Hoje, se quiser, se puder, se souber, me fala de você. Da essência
vestida com essa roupa de gente com a qual você se apresenta. Fala dos seus
amores, tanto faz se estão perto do seu corpo ou somente do seu coração. Fala
sobre as coisas que costumam fazer você sintonizar a frequência do seu riso
mais gostoso. Fala sobre os sonhos que mantêm o frescor, por mais antigos que
sejam. Fala a partir daquilo em você que não desaprendeu o caminho das
delícias. Do pedaço de doçura que não foi maculado. Da porção amorosa que saiu
ilesa à própria indelicadeza e à alheia. A partir daquilo em você que continuou
a acreditar na ternura, a se encantar e a se desprevenir, apesar de tantos
apesares. Conta sobre as receitas que lhe dão água na boca. Sobre o que gosta
de fazer para se divertir. Conta se você reza antes de adormecer.
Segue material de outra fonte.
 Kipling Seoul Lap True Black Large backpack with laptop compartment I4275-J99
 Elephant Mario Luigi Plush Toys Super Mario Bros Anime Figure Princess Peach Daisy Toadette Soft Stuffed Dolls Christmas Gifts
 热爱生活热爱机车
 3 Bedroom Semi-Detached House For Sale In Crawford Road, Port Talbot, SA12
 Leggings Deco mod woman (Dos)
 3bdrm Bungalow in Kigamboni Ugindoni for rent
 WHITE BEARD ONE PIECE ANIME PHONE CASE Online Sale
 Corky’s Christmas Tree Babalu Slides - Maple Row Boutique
Hoje, me fala de você. Dos momentos em que a vida lhe doeu tanto
que você achou que não iria aguentar. Fala das músicas que compõem a sua trilha
sonora. Dos poemas que você poderia ter escrito, de tanto que traduzem a sua
alma. Senta perto de mim e mesmo que estejamos rodeados por buzinas, gente
apressada, perigos iminentes, faz de conta que a gente está conversando no
quintal de casa, descascando uma laranja, os pés descalços, sem nenhum
compromisso chato à nossa espera. A gente já brincou tanto de faz-de-conta
quando era criança, onde foi que a gente esqueceu como se chega a esse lugar de
inocência? Fala da lua que você admirou outra noite dessas, no céu. Da
borboleta que lhe chamou à atenção por tanta beleza, abraçada a alguma flor,
como se existisse apenas aquele abraço. Diz se quando você acorda ainda ouve
passarinhos, mesmo que não possa identificar de onde vem o canto. Diz se a sua
mãe cantava para fazer você dormir.
Senta perto e me conta o que você sentiu quando viu o mar pela
primeira vez e o que sente quando olha pra ele, tantas vezes depois. Se tinha
jardim na casa da sua infância, me diz que flores riam por lá. Conta há quanto
tempo não vê uma joaninha. Se tinha algum apelido na escola. Se consegue se
imaginar bem velhinho. Fala da sua família, a de origem ou a que formou. Das
pessoas que não têm o seu sobrenome, mas são familiares pra sua alma. Fala de
quem passou pela sua vida e nem sabe o quanto foi importante. Daqueles que
sabem e você nem consegue dizer o tamanho que têm de verdade. Fala daquele
animal de estimação que deitava junto aos seus pés, solidário, quando você
estava triste. Diz o que vai ser bacana encontrar quando, bem lá na frente,
olhar para o caminho que fez no mundo, em retrospectiva.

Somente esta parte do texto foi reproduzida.